After a demo of virtual worlds created by the panelists, including a “Virtual Hills” of LA and Virtual Leguna Beach by MTV, and Puzzle Pirates, i.e. pirates as lego characters, the panelists talked about how real-world marketing principles work in their newly created virtual worlds.
Answer, resoundingly: they don’t. Zimmer said virtual world marketing is the epitome of understanding real one-to-one relationships — advertising in regular world does not work in a virtual world. Hemp, who hasn’t created a world but spends a lot of time studying avatars and the people behind them, says it’s important to note what an avatar says something about a consumer, eg who they really want to be. Once that is understood, opporuntities for engagement with a brand are tremendous.

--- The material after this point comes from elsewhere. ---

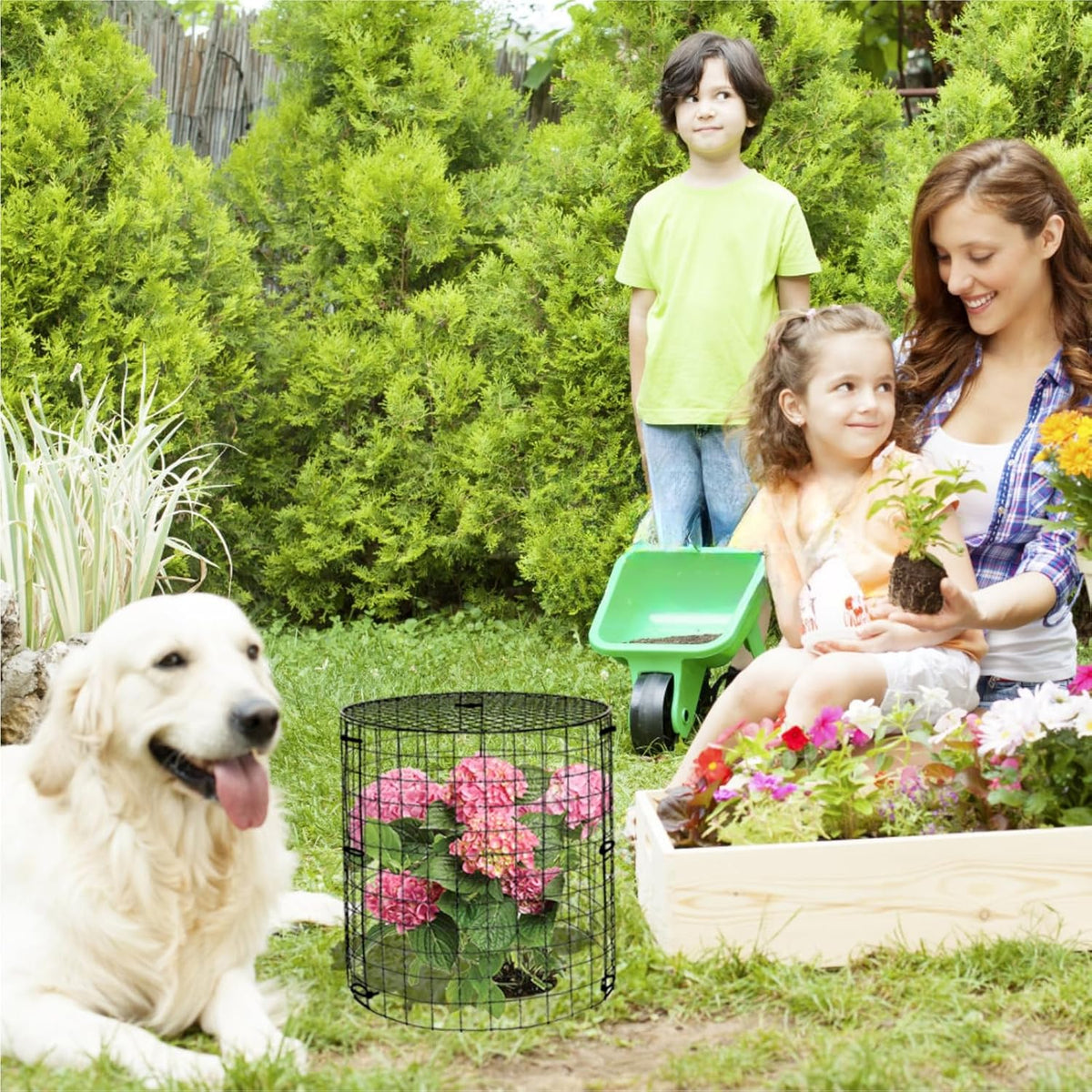 5 Packs Garden Plant Protectors from Animals,Metal Plant Cage Chicken Wire Cloche with Ground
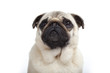 portrait d'un chien triste - sad dog portrait d'un chien triste - sad dog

Wheeler, whose group is behind Puzzle Pirates AKA pirates as lego characters, tried a subscription model on their 2.7m users — but only profits soared when they switched to micropayments, and began to cultivate an active community of offline businesses and let them experiment at marketing however they desire. PP operates on a ‘many points of entry’ model similar to MySpace, or to let residents make the world around them as interesting or as ugly as they want it to be.
My main takeaway was to not forget to look at the identity of an avatar/user offline vs. online, because that will provide you with an understanding of attention currency (feeding off a user’s desire to pay attention) can lead to microcurrency, or small financial donations related to time spent in that world.